Is the security industry getting better at using tools like threat intelligence and collaboration policies to work together against a common threat?
Yes, absolutely. Threat intelligence is being shared more widely now than ever before – and this is largely being driven by increased regulation and compliance. Comprehensive global regulations like the GDPR are allowing access to industry leading security standards, which is driving greater transparency of and involvement in cyber security discussions.
Interestingly, we’ve also seen governing bodies shift away from a policing role, and more toward one of an educator. They want to work with organisations and understand how they can best mitigate risks, collaboratively, and ultimately deliver the security and protection of consumers. Reports such as that from the European Data Protection Supervisor (EDPS) and OAIC are great examples of how governing organisations are sharing knowledge and insights. We are also seeing more analyst and private sector organisations commissioning their own research around threat trends.

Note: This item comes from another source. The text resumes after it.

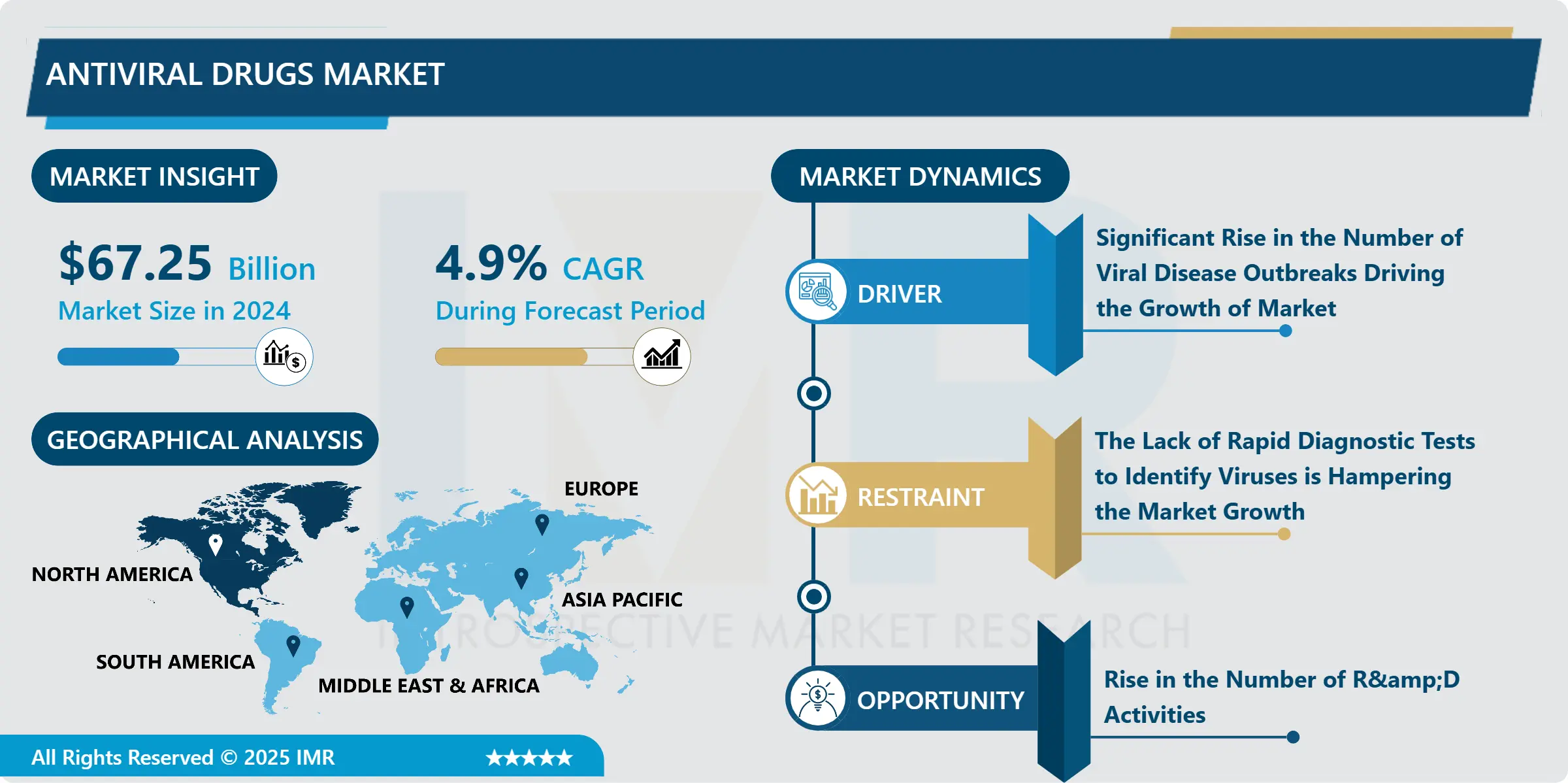 Antiviral Drugs Market
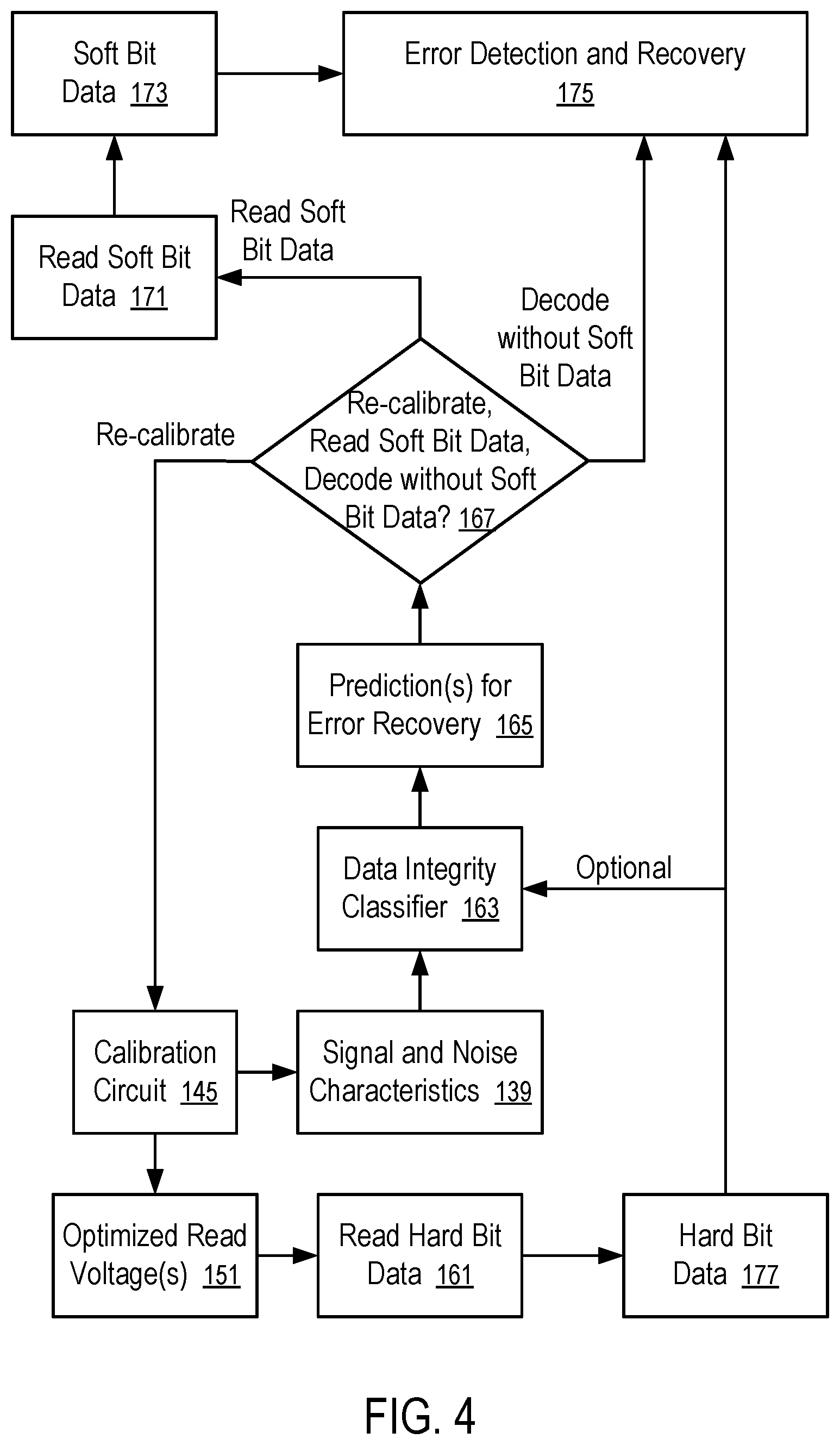 Patent US11775217 Figure 4 – Adaptive and/or iterative operations in executing a read command to retrieve data from memory cells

What do you see as the biggest gaps in the functionality of current cybersecurity technologies?
For me, this biggest gap is in the protection of an organisation’s entire estate, and the ability to provide relevant data to where it is needed, securely. It’s no longer ok to just protect the perimeter. While perimeter security technology itself may be sound, it will never be able to effectively protect against all threats.
There are several reasons for this. Firstly, threats no longer just come from outside the organisation – with 35 percent of reported data breaches over the last 12 months resulting from human error. Secondly, the concept of ‘internal’ and ‘external’ data has become increasingly blurred. Developers, testers, analysts, third party systems integrators and more often have access to an organisation’s production data for example, but they don’t necessarily follow the same security protocols as said organisation.

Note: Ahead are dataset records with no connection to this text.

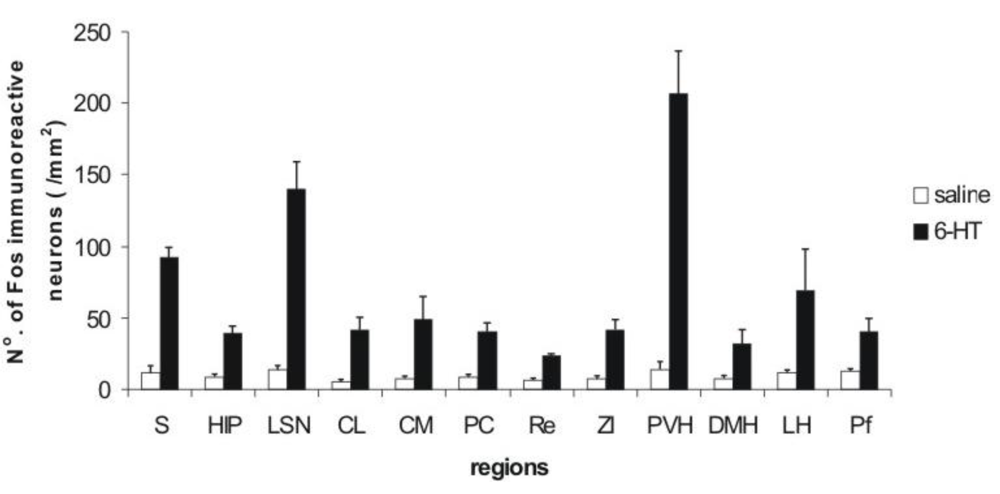 Toxins 03 00142 g003 1024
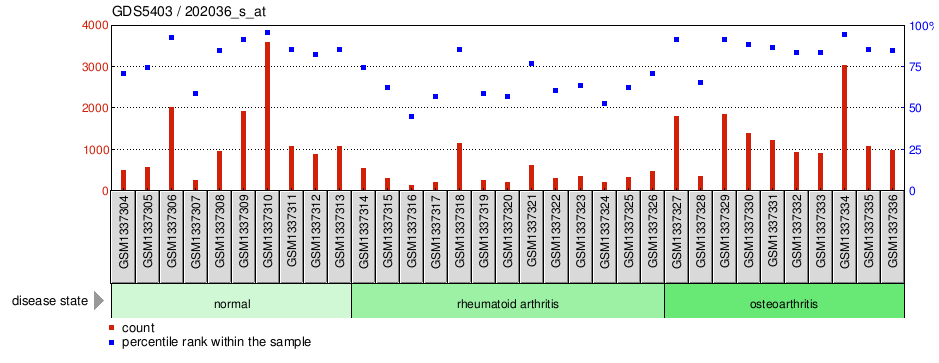 Gene Expression Profile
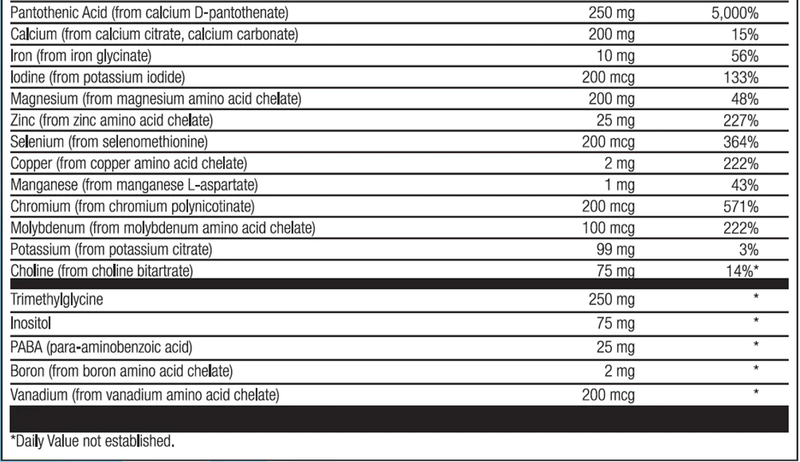 Ultra Genesis w/o Iron (Nutra Biogenesis) Supplement Facts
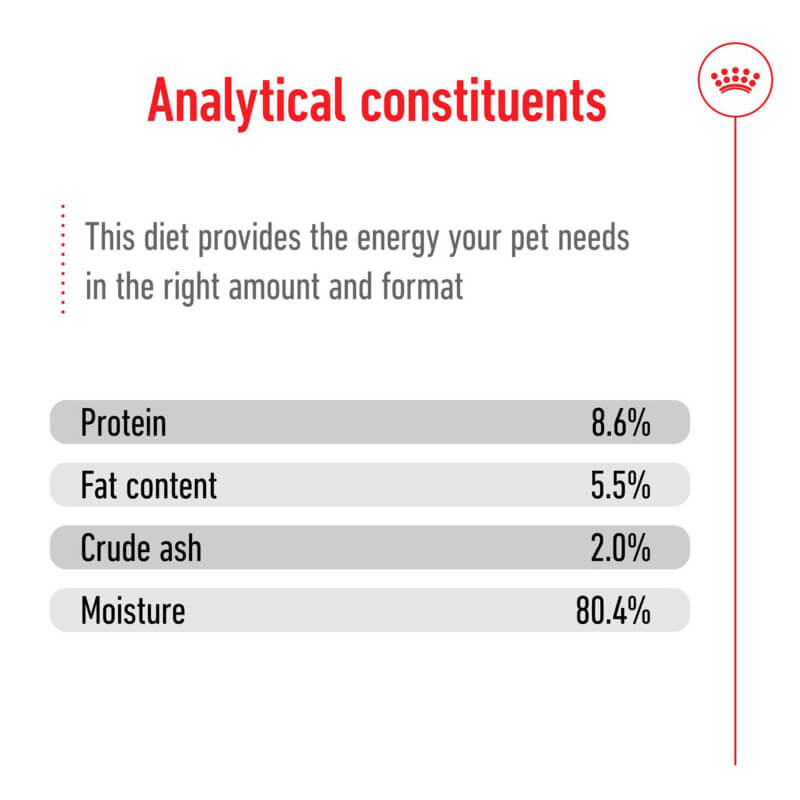 Royal Canin Mini Adult Tin 195g: Protein 8.6%, Fat 5.5%, Ash 2.0%, Moisture 80.4%.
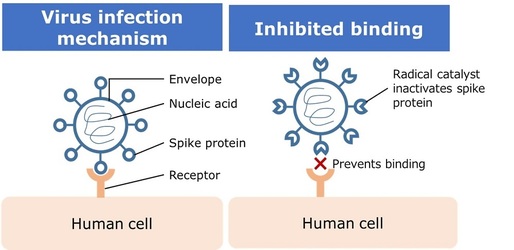 Nissan a creat, cu ajutorul substanțelor folosite în industria auto, o tehnologie care inactivează coronavirusul și alte bacterii sau virusuri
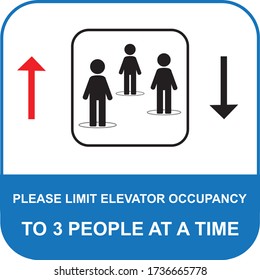 Máximo de personas permitidas en el ascensor de la tienda o en la tienda del ascensor a la vez de la señalización, firmar para que las tiendas protejan de Coronavirus o del gráfico vectorial Covid-19.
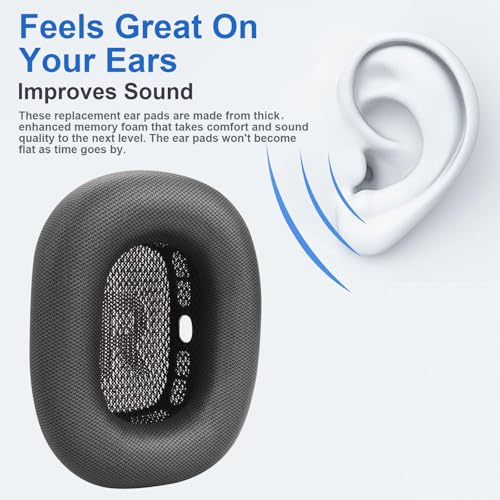 Replacement Ear Cushions for AirPods Max Headphones AirPod Max Ear Cushions Ear Pads Covers Comfort Protein Leather Noise Isolation Memory Foam Earpads (Gray)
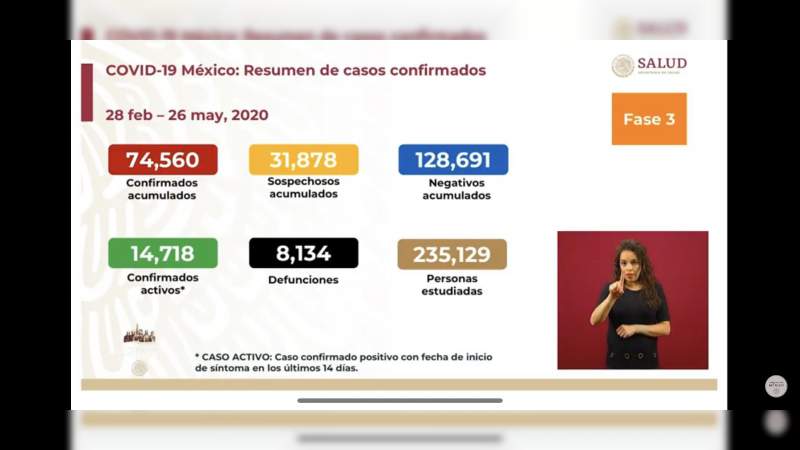 Aumenta a 74 mil 560 los casos de coronavirus en México, ya son 8 mil 134 muertos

Another issue is with the public cloud. While the public cloud presents a greater attack surface and therefore a greater risk, organisations have needed to move more workloads to the cloud for innovation and efficiency reasons. Because of the mentality that we need to segregate our data internally in order to protect it from outside threats, has meant that many organisations have been slow to move to the public cloud and have suffered losses, whether to income or innovation, as a result.

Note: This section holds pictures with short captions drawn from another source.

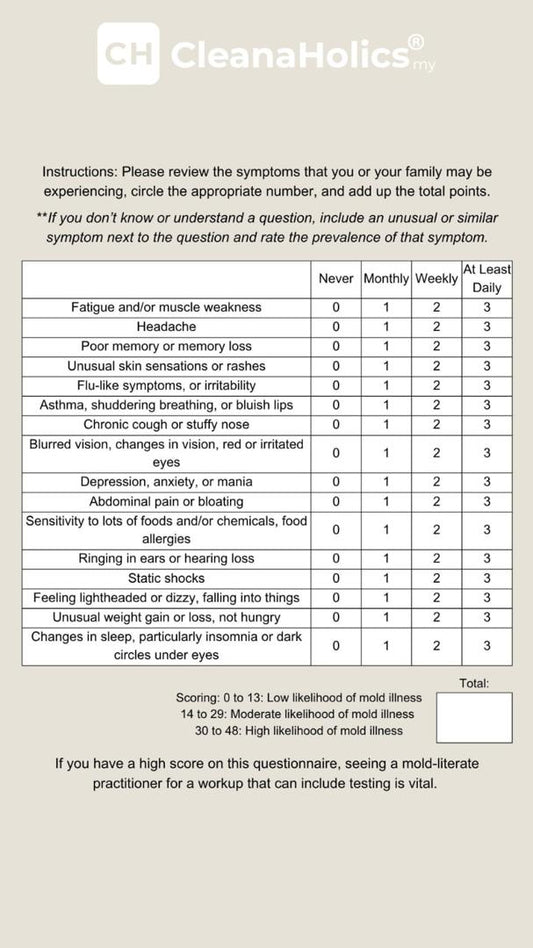 Mycotoxin & Chemical Exposure Lab Test
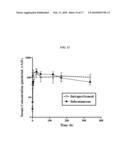 Structural Variants of Antibodies for Improved Therapeutic Characteristics diagram and image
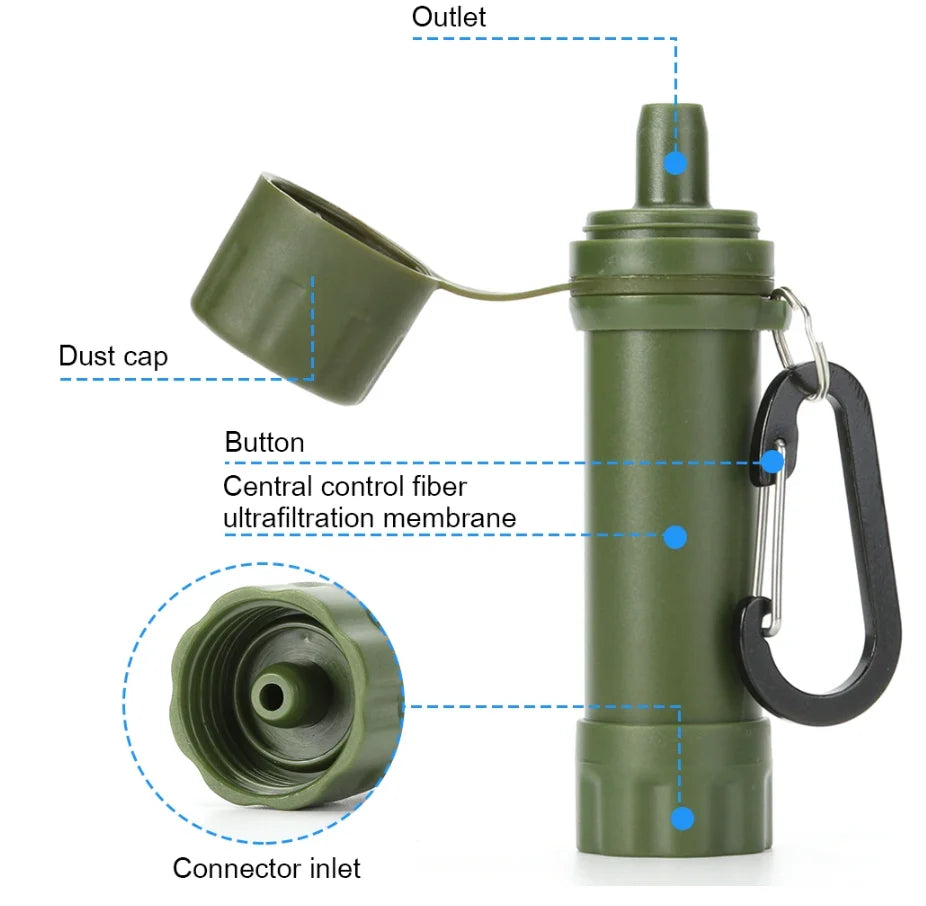 Water Filter | Removes 99.99% of Bacteria & Integrated Drinking Straw | 1200L Capacity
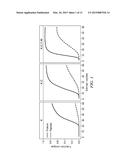 PEPTIDE IDENTIFICATION AND SEQUENCING BY SINGLE-MOLECULE DETECTION OF     PEPTIDES UNDERGOING DEGRADATION diagram and image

If you could change one thing about your organisation’s cybersecurity defence, what would it be and what would you do?
In conversations with organisations of all sizes, the common thread is a fear of the unknown – where will the next threat come from, and given I cannot possibly know, how can I effectively defend against it? Senior executives are not confident that they can.
Malicious intent can happen anywhere, but so can mistakes. Only 60% of reported data breaches in Australia over the last 12 months were from malicious or criminal attacks. While many security breaches aren’t due to the world’s most advanced hackers penetrating your security system – many happen simply due to human error. A staff member may leave a hard drive somewhere or leave a laptop open too long at the airport – these things happen, and unfortunately there is no real way of preventing this.
For me this issue goes back to a need to defend the entire landscape, not just the perimeter.